Nem todos os vídeos seguem esse padrão humorístico. Há também postagens com tom mais sério e institucional, em que Zema aparece em entrevistas ou discursos. Na maioria, entretanto, prevalece a estratégia de comparar ações do governo de Minas com a situação nacional, especialmente em temas como economia, segurança e serviços públicos. 

Um dos vídeos mais recentes publicados por Zema traz o governador falando diante de um fundo preto, com tom mais sombrio, afirmando que “no Brasil, os criminosos muitas vezes estão dentro do governo. É por isso que o Estado brasileiro decidiu não combater o crime”. A fala é bastante semelhante à do presidente de El Salvador, Nayib Bukele, divulgada dois meses antes, em que ele menciona a suposta infiltração de criminosos em governos da América Latina. No Brasil, as políticas de segurança pública são compartilhadas entre os entes federativos, mas as Polícias Civil e Militar estão sob responsabilidade direta dos governos estaduais.
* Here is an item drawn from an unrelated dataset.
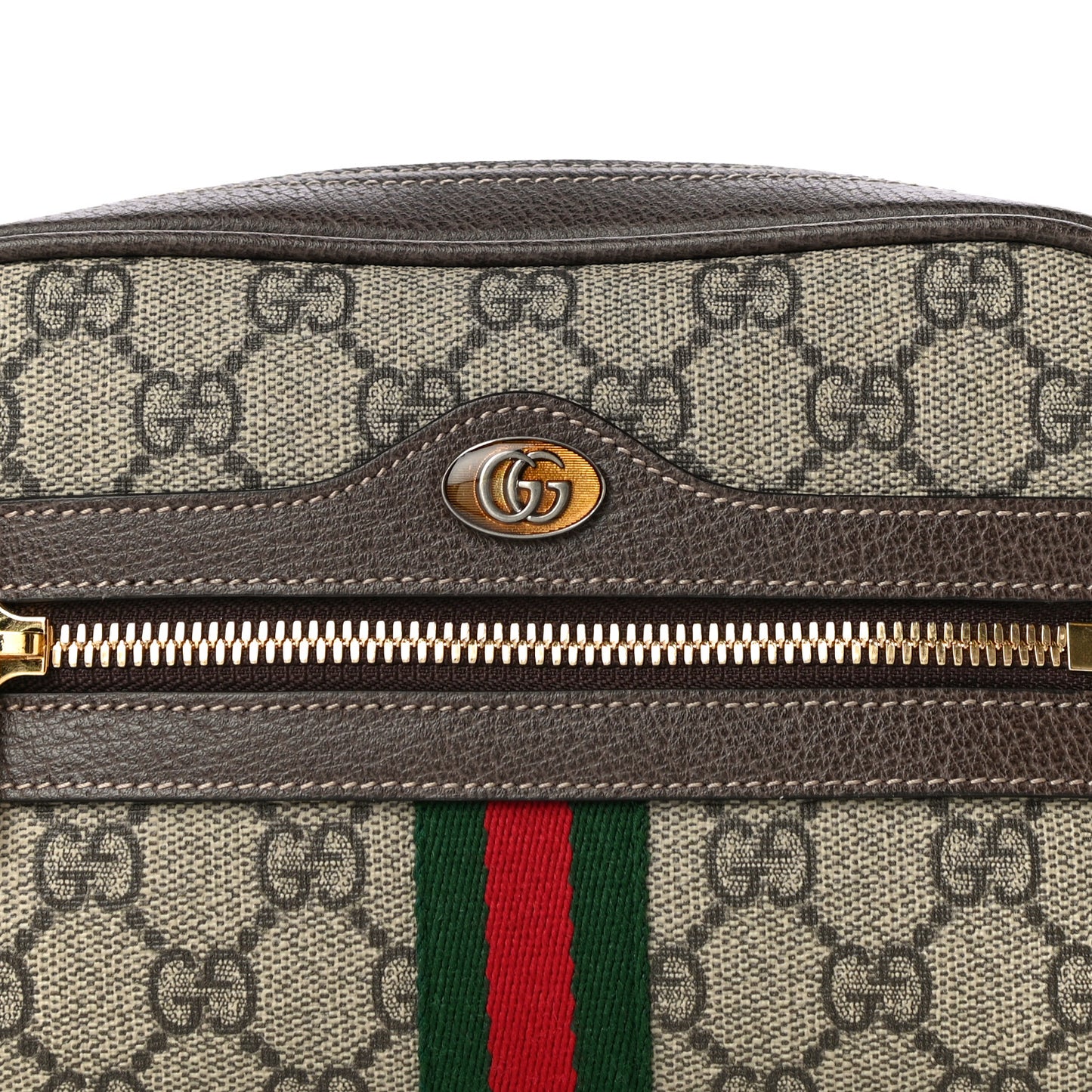 GG Supreme Monogram Web Small Ophidia Belt Bag 95 38 Dark Brown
Estratégia digital segue a lógica de visibilidade contínua 5d184e

A estratégia digital do governador Romeu Zema (Novo), com publicações quase diárias que criticam o governo federal e destacam feitos da gestão em Minas, segue uma lógica narrativa e se encaixa em um cenário ainda mais amplo de posicionamento permanente. Essa é a avaliação dos especialistas ouvidos por O TEMPO, que veem na atuação de Zema um retrato das novas formas de fazer política nas redes sociais, um ambiente cheio de oportunidades, mas também de riscos calculados.

Para o cientista político Camilo Aggio, essa atuação se insere na lógica da “campanha permanente”, conceito que, segundo ele, já não se restringe ao marketing tradicional. “Na era das plataformas digitais, as campanhas não param. O sujeito que quer disputar um cargo precisa estar em visibilidade constante. A comunicação de campanha hoje é ininterrupta”, afirma. Ele lembra que essa estratégia foi decisiva, por exemplo, para o sucesso eleitoral de Jair Bolsonaro em 2018, quando o então deputado já fazia campanha digital ativa, enquanto a elite política ainda esperava o calendário oficial.

Já o marqueteiro Paulo Vasconcelos destaca que construir imagem fora do período eleitoral é necessário, mas não suficiente. “Existem dois tipos de pré-candidatos hoje: os que são muito conhecidos, mas que lá na frente têm pouco a oferecer, e os que são pouco conhecidos, mas têm conteúdo. Esses segundos precisam construir visibilidade. Os primeiros, se não tiverem uma boa entrega para mostrar, acabam ficando no caminho”, analisa Vasconcelos.

O marqueteiro ainda reforça que “ninguém ganha eleição com seguidores” e critica a ilusão de que a simples presença digital garante votos. “Nas majoritárias, eu nunca vi isso acontecer. A rede social é um ambiente muito frágil: se você não impulsionar, não chega a ninguém. Tudo acontece ali sem consistência. Se a pessoa não te segue, não vai ser impactada. Por isso, o que vale mesmo é o quanto você consegue sair da bolha e ampliar sua área de impacto”, conclui.